Growing up in the remote community of Eabametoong First Nation, Rachel Mishenene never placed any great emphasis on getting an education, much less pursuing a career.
“I was a high school dropout and a young mom,” said the Thunder Bay-based Aboriginal educator and consultant. “Education was something I had no interest in going into or being a part of.”
It was only when her infant son – now 20 years old – turned the age of two did reality finally sink in.
“I needed a better life for myself and for him, and the only way was to go back and get my Grade 12 equivalency.”
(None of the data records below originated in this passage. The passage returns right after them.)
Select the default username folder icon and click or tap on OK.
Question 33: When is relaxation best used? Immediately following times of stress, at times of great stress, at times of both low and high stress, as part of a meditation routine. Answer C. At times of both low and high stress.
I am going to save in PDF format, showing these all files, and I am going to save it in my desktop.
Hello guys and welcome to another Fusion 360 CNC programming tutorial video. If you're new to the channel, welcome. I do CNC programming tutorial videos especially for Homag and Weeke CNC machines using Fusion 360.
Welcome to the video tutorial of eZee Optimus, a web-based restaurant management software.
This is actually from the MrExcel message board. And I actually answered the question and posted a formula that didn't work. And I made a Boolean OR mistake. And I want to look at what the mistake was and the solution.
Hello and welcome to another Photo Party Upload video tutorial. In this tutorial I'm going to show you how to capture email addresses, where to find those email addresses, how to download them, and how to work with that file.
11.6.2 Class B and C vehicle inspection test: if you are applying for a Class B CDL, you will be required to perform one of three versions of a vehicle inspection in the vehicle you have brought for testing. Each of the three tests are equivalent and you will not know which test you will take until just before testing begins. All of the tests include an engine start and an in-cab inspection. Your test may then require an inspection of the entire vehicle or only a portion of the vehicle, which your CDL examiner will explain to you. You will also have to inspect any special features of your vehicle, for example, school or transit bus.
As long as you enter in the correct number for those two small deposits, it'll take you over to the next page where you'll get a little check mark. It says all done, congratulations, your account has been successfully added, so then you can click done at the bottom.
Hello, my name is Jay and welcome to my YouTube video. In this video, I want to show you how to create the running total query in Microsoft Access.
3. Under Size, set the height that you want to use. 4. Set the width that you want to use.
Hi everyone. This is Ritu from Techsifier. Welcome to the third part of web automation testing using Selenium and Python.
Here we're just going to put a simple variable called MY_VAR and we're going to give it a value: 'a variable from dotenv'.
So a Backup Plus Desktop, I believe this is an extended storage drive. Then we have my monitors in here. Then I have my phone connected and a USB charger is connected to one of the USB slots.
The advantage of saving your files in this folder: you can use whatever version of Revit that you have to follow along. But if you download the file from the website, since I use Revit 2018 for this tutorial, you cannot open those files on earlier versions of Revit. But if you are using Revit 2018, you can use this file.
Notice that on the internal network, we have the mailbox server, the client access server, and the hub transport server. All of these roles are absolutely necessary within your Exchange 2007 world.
Enrolling in Confederation College's Aboriginal Law and Advocacy program turned out to be a life-changing experience. “It really was an eye-opener.”
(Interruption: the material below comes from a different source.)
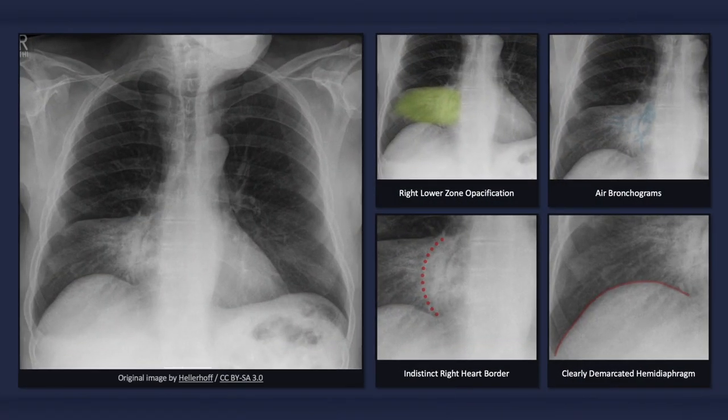To quickly recap, on an X-ray depicting right middle lobe pneumonia, we would expect to see right lower zone opacification with air bronchograms, and an indistinct right heart border but with a clearly demarcated right hemidiaphragm. Unless there is coinciding atelectasis, there is usually no loss of lung volume.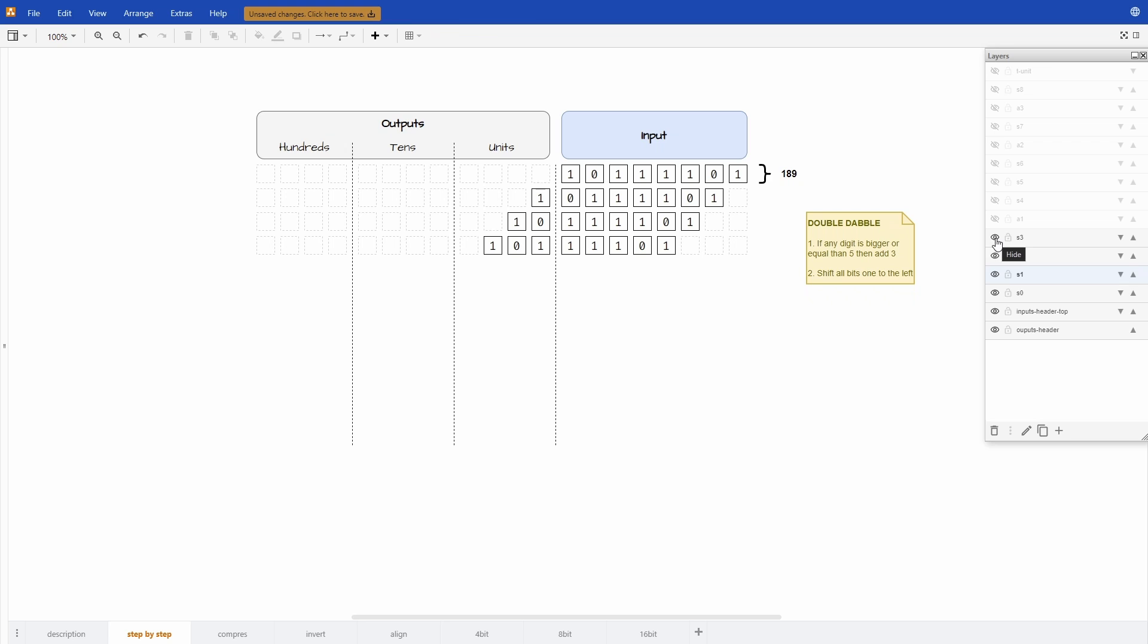But if we check the next step we shift one more time and now the units digit is 5, so we need to add the 3 before shifting. If we do that this 5 now transforms into an 8: 1 0 0 0.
Today, her resumé includes a masters of education, bachelors of education and art, and she is a PhD student focusing her research on parental engagement in First Nation communities.
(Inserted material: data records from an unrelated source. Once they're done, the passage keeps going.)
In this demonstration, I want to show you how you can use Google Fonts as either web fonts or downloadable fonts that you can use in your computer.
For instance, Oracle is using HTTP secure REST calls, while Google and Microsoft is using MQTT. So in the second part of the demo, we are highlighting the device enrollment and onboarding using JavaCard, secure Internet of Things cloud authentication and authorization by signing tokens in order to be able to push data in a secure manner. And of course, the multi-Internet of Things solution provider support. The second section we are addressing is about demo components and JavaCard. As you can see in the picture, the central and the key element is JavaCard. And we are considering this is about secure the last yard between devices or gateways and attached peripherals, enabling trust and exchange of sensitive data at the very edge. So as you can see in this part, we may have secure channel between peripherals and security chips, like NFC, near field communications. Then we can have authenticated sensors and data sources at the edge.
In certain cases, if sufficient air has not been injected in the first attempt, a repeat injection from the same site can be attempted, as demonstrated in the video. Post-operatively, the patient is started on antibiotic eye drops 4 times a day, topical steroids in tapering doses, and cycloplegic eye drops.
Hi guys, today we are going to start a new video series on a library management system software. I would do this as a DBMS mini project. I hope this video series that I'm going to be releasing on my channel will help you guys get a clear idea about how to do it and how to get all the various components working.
Her passion for teaching Aboriginal history and perspectives has been spun out into a fledgling business – Rachel A. Missenene Consulting Curriculum Development and Education – which won Nishnawbe Aski Development Fund's New Business of the Year Award last October.
Beginning as an elementary school teacher in 2003, Mishenene taught in Dryden and at Dennis Franklin Cromarty, a Thunder Bay Aboriginal high school, before she took on the task to develop curriculum for the Urban Aboriginal Education Project with the Lakehead District School Board.
The board was one of three to receive a $1-million grant from the Ministry of Education for a kind of cultural diversity program to inject Aboriginal content and perspectives into the curriculum to meet the board's literacy goals.
“I took whatever they had on paper and made it reality,” said Mishenene.
She developed a six-day teaching module for a Grade 10 civics course outlining the diversity of First Nation, Metis and Inuit people across Canada; their history, treaties, the Indian Act and the impact of residential schools.
She visited classrooms, hosted teachers' workshops and established the First Peoples' Resource Collection, a selection of books written by Aboriginal authors or containing Native content and perspectives.
The pull to go into consulting was spawned from her decision to leave the school board to pursue her master's of education degree.
“I still needed to create an income for myself and what better way to do that than to find work that I enjoy doing and that I'm passionate about. Things just fell into place.”
More encouragement to go into business for herself came from her mentor, Murray Waboose, the education department manager with the Matawa First Nations, with whom she was developing a GED (General Education Development) program.
Today, she reviews and creates a range of course material, curriculum, teaching kits and co-authors textbooks for clients like Negahneewin College, Confederation College, Elementary Teachers' Federation of Ontario, Ontario Teachers' Federation, Ningwakwe Learning Press and McGraw-Hill Ryerson.
As a prominent Thunder Bay activist in gay-lesbian awareness and homeless issues, Mishenene is a “full supporter” of Idle No More, a national movement she calls a unifying force for Aboriginal people to stand up for their treaty rights, protect the environment, and to educate others on “how Canada became Canada.”
In Thunder Bay, Aboriginal people make up 16 per cent of the city's population, according to the Ontario Ministry of Aboriginal Affairs.
But some high-profile incidents of racism locally have Mishenene thinking there's plenty more work to do.
“In any community there's always going to be racism, but everything we do that's positive is one step forward to creating an environment that is accepting and welcoming to all diversity.”
She believes more organizations should make cultural awareness and sensitivity training workshops available to their staff.
“What I'd like to do is educate people and help remove and eliminate stereotypes and misconceptions, and give more awareness of Aboriginal history and the connection from history to today, so people have a broader, more sensible understanding.”